Sunday, July 25, 2010


…And thus begins the morning; every weekday morning since June 7th. We yell “ALLRIGHT” and the room full of running and yelling 1st through 8th graders responds almost by magic, “OKAY”. Many of them cease their chaos and at least pretend to pay attention while some require a second dose, flipped around, “OKAY” with the more cohesive this time, “ALLRIGHT”. Attention acquired, we then ask them to come sit down in a general front area to begin morning program.

I said that this is the beginning of the day, and in a certain sense that is true because it’s when we begin to interact with the kids. It has a certain inaugural feel to it that makes the previous 2 hours feel like preparations. Our day with the kids as part of the Totus Tuus program begins at 9:00am but to prepare for them we start by getting up at 7.

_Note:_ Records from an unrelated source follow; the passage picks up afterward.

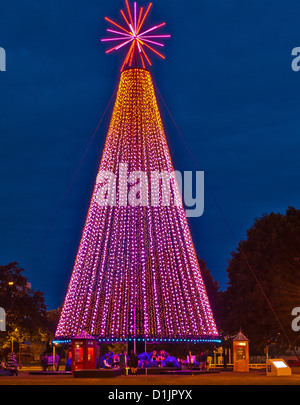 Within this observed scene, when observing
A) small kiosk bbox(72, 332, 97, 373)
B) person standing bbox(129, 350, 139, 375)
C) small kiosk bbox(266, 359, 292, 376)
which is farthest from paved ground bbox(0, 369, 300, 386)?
person standing bbox(129, 350, 139, 375)

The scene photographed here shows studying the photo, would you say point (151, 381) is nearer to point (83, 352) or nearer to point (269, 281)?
point (83, 352)

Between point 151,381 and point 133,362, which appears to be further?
point 133,362

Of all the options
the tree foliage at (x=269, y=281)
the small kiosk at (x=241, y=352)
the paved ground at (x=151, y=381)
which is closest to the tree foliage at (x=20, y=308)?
the tree foliage at (x=269, y=281)

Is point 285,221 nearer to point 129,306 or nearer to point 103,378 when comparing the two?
point 129,306

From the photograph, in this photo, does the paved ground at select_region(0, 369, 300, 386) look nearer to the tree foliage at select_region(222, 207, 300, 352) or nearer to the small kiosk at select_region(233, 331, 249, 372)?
the small kiosk at select_region(233, 331, 249, 372)

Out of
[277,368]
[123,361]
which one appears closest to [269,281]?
[277,368]

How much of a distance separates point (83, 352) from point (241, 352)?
13.1 metres

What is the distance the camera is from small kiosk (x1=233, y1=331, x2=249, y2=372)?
48688 millimetres

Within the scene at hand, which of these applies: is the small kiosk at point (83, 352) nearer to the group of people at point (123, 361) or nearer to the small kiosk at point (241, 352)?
the group of people at point (123, 361)

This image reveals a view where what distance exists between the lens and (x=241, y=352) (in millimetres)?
49250

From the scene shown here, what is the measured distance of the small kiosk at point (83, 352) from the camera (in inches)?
1574

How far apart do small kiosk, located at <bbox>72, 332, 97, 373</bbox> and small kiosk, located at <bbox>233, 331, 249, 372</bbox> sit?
1167 centimetres

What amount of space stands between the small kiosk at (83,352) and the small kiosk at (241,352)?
11672 millimetres

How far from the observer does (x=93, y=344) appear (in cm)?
4041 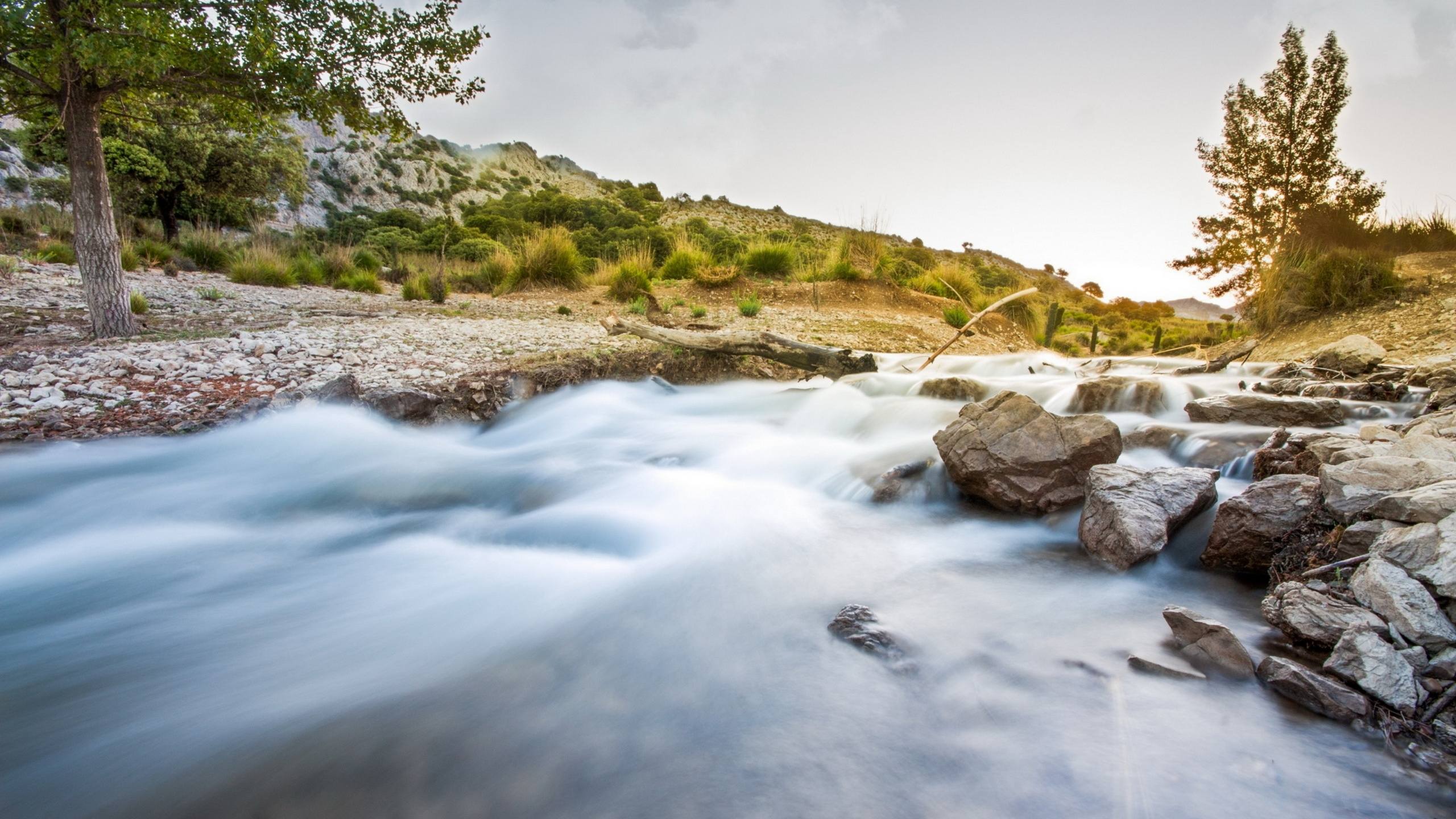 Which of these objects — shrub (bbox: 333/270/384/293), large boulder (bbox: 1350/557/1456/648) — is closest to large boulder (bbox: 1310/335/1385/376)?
large boulder (bbox: 1350/557/1456/648)

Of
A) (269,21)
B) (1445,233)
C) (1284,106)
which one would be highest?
(1284,106)

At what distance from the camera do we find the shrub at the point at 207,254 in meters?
13.8

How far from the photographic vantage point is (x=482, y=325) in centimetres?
761

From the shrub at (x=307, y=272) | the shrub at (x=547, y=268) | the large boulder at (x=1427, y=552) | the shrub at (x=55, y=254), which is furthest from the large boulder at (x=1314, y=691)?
the shrub at (x=55, y=254)

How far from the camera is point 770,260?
43.3 feet

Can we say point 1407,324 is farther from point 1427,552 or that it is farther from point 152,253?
point 152,253

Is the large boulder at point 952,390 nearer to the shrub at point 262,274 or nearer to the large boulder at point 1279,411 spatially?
the large boulder at point 1279,411

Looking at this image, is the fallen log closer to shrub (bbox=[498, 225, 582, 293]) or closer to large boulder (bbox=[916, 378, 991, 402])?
large boulder (bbox=[916, 378, 991, 402])

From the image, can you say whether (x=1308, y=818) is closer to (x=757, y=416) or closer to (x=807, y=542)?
(x=807, y=542)

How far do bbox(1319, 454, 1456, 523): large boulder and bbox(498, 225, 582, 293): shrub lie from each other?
1239cm

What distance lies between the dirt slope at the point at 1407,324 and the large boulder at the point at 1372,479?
538 cm

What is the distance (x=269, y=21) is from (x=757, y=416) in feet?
20.5

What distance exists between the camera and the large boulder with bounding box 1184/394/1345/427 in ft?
13.2

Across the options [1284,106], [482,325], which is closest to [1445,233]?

I usually get out of bed around 7am and jump in the shower. If our host family made breakfast I have some. The trick is to eat enough so that your host’s didn’t waste their time cooking/preparing it but not so much that you just want to go back to bed. Every morning is like grandma’s house. She feeds you well whether you need (or want) it or not. Hopefully we’re out the door early enough to get to the church on time. I always dislike this part of the morning because I like being social and I feel bad leaving in a hurry, but I know if we don’t get to the church by 7:40 it will throw off the whole day.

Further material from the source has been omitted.